▸ Activity:
The first line of the entries below, the line containing "Women's Tree Hat", and every line between them should be repeated exactly, and nothing else.

▸ Record extracts:

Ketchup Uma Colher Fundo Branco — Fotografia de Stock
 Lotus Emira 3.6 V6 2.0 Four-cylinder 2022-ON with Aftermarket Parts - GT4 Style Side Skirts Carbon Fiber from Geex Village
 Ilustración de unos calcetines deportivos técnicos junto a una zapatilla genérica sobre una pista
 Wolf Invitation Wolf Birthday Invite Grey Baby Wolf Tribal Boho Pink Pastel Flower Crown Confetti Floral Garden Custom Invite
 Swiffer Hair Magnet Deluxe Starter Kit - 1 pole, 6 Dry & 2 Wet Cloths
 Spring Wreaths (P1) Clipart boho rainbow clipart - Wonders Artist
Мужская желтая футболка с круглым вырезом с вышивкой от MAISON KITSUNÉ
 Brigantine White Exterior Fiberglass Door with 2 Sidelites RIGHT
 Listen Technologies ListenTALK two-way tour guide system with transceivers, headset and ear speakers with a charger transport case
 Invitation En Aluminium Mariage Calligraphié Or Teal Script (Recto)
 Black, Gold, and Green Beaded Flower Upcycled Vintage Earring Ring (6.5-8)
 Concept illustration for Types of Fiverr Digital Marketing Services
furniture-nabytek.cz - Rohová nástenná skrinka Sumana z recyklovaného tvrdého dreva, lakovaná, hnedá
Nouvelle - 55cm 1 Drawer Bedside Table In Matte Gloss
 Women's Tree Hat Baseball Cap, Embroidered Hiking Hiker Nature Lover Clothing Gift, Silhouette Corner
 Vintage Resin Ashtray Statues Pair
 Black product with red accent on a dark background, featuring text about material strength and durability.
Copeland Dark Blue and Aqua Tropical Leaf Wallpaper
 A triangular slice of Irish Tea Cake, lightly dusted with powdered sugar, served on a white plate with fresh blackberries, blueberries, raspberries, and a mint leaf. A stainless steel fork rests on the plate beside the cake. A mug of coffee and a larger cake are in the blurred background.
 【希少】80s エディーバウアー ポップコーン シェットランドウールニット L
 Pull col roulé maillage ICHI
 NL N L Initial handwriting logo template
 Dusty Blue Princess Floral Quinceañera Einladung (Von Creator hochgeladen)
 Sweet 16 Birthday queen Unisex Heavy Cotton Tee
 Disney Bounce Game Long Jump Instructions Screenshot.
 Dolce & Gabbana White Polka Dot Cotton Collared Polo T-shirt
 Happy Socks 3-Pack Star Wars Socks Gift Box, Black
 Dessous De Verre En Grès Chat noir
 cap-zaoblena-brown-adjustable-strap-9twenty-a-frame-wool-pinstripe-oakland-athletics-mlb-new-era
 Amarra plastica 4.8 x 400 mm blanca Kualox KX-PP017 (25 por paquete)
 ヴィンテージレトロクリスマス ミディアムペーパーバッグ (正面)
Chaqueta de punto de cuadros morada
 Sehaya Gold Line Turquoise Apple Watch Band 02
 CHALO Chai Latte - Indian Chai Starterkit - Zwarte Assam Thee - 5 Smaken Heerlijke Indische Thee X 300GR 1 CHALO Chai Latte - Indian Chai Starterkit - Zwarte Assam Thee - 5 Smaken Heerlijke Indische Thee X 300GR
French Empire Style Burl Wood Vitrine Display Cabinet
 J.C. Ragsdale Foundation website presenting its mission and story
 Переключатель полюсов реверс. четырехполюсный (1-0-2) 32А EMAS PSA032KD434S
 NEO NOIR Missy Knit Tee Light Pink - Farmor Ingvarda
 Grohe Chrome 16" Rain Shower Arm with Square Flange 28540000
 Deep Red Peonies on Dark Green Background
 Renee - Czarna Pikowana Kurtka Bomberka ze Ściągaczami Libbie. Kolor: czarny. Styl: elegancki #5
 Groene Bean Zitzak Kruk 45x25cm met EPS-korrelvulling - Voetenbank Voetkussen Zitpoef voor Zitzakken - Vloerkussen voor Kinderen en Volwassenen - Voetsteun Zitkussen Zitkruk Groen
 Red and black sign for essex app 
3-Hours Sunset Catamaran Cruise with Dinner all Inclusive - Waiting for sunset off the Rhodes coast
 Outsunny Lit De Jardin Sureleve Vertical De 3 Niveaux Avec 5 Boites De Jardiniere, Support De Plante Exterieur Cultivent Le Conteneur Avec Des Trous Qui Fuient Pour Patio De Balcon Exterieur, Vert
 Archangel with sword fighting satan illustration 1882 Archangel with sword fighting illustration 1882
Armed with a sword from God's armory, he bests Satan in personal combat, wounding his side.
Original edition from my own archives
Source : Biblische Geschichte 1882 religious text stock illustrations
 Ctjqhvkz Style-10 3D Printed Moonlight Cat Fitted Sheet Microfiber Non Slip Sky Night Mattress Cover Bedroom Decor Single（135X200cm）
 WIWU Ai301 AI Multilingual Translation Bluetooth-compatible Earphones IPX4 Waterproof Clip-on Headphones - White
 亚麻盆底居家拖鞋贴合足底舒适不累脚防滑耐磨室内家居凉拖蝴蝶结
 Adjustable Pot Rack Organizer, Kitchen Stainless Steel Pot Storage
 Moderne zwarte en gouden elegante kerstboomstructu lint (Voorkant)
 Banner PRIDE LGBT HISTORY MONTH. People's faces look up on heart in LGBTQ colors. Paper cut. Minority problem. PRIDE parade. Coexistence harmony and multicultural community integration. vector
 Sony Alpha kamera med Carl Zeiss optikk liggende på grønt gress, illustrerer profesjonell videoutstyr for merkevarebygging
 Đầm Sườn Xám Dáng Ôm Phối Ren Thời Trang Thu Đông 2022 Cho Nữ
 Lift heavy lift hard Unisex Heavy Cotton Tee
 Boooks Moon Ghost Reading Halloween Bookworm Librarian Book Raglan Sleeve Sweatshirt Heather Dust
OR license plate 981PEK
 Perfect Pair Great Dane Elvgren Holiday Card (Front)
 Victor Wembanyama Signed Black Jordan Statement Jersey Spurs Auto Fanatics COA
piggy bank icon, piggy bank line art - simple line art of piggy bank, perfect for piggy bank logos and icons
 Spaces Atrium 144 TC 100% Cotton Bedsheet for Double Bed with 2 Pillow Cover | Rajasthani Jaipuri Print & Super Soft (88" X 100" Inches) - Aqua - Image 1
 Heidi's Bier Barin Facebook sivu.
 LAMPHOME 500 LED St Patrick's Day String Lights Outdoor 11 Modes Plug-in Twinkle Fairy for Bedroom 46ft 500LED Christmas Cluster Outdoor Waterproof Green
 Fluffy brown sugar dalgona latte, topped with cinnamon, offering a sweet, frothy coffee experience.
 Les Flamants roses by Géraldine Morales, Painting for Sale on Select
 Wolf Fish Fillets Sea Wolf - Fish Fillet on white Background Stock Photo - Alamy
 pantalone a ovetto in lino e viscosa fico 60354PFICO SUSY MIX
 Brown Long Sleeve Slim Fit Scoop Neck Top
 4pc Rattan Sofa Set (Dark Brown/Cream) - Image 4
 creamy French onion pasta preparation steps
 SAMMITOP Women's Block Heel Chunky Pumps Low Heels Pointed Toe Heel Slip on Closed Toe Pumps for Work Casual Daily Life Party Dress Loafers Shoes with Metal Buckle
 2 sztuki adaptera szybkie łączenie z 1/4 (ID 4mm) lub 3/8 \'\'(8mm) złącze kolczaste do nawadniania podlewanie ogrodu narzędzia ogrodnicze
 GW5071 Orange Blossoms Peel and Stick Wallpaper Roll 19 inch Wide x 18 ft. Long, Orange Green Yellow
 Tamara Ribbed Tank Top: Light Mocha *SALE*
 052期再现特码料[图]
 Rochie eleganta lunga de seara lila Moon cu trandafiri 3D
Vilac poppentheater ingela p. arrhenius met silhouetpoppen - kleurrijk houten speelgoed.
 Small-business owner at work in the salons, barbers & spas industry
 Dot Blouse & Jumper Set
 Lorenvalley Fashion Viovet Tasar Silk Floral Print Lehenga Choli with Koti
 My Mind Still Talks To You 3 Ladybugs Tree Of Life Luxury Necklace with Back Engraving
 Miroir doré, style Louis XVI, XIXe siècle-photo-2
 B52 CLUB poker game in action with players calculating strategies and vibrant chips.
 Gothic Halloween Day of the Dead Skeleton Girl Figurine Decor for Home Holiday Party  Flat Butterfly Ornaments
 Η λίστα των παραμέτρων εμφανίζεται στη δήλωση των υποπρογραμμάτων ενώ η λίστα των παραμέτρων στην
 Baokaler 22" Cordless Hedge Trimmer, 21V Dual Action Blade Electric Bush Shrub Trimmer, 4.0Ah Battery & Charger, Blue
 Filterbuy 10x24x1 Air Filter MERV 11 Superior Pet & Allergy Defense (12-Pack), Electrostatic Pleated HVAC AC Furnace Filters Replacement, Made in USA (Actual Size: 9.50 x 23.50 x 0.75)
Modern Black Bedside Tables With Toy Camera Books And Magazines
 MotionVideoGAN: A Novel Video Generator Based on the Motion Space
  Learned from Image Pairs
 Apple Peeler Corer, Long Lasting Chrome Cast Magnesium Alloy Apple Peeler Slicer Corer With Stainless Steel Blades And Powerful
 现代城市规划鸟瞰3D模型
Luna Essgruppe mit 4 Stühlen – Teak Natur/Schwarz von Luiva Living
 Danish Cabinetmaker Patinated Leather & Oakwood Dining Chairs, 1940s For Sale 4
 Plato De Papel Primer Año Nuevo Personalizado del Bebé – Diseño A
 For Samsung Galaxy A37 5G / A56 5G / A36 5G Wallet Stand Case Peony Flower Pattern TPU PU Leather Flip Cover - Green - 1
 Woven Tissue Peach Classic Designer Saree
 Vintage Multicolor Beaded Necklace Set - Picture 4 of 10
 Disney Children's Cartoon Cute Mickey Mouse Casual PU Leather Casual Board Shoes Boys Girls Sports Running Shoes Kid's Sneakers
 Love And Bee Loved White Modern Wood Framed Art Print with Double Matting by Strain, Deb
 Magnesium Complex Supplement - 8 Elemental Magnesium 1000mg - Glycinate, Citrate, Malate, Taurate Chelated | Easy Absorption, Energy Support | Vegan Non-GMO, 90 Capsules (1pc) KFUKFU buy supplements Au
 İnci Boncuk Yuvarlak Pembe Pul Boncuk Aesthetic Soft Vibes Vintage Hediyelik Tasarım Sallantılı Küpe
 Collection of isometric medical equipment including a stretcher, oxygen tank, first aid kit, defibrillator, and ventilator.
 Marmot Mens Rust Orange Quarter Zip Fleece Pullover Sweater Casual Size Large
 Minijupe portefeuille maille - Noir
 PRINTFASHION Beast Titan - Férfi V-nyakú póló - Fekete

▸ Task answer:
Ketchup Uma Colher Fundo Branco — Fotografia de Stock
 Lotus Emira 3.6 V6 2.0 Four-cylinder 2022-ON with Aftermarket Parts - GT4 Style Side Skirts Carbon Fiber from Geex Village
 Ilustración de unos calcetines deportivos técnicos junto a una zapatilla genérica sobre una pista
 Wolf Invitation Wolf Birthday Invite Grey Baby Wolf Tribal Boho Pink Pastel Flower Crown Confetti Floral Garden Custom Invite
 Swiffer Hair Magnet Deluxe Starter Kit - 1 pole, 6 Dry & 2 Wet Cloths
 Spring Wreaths (P1) Clipart boho rainbow clipart - Wonders Artist
Мужская желтая футболка с круглым вырезом с вышивкой от MAISON KITSUNÉ
 Brigantine White Exterior Fiberglass Door with 2 Sidelites RIGHT
 Listen Technologies ListenTALK two-way tour guide system with transceivers, headset and ear speakers with a charger transport case
 Invitation En Aluminium Mariage Calligraphié Or Teal Script (Recto)
 Black, Gold, and Green Beaded Flower Upcycled Vintage Earring Ring (6.5-8)
 Concept illustration for Types of Fiverr Digital Marketing Services
furniture-nabytek.cz - Rohová nástenná skrinka Sumana z recyklovaného tvrdého dreva, lakovaná, hnedá
Nouvelle - 55cm 1 Drawer Bedside Table In Matte Gloss
 Women's Tree Hat Baseball Cap, Embroidered Hiking Hiker Nature Lover Clothing Gift, Silhouette Corner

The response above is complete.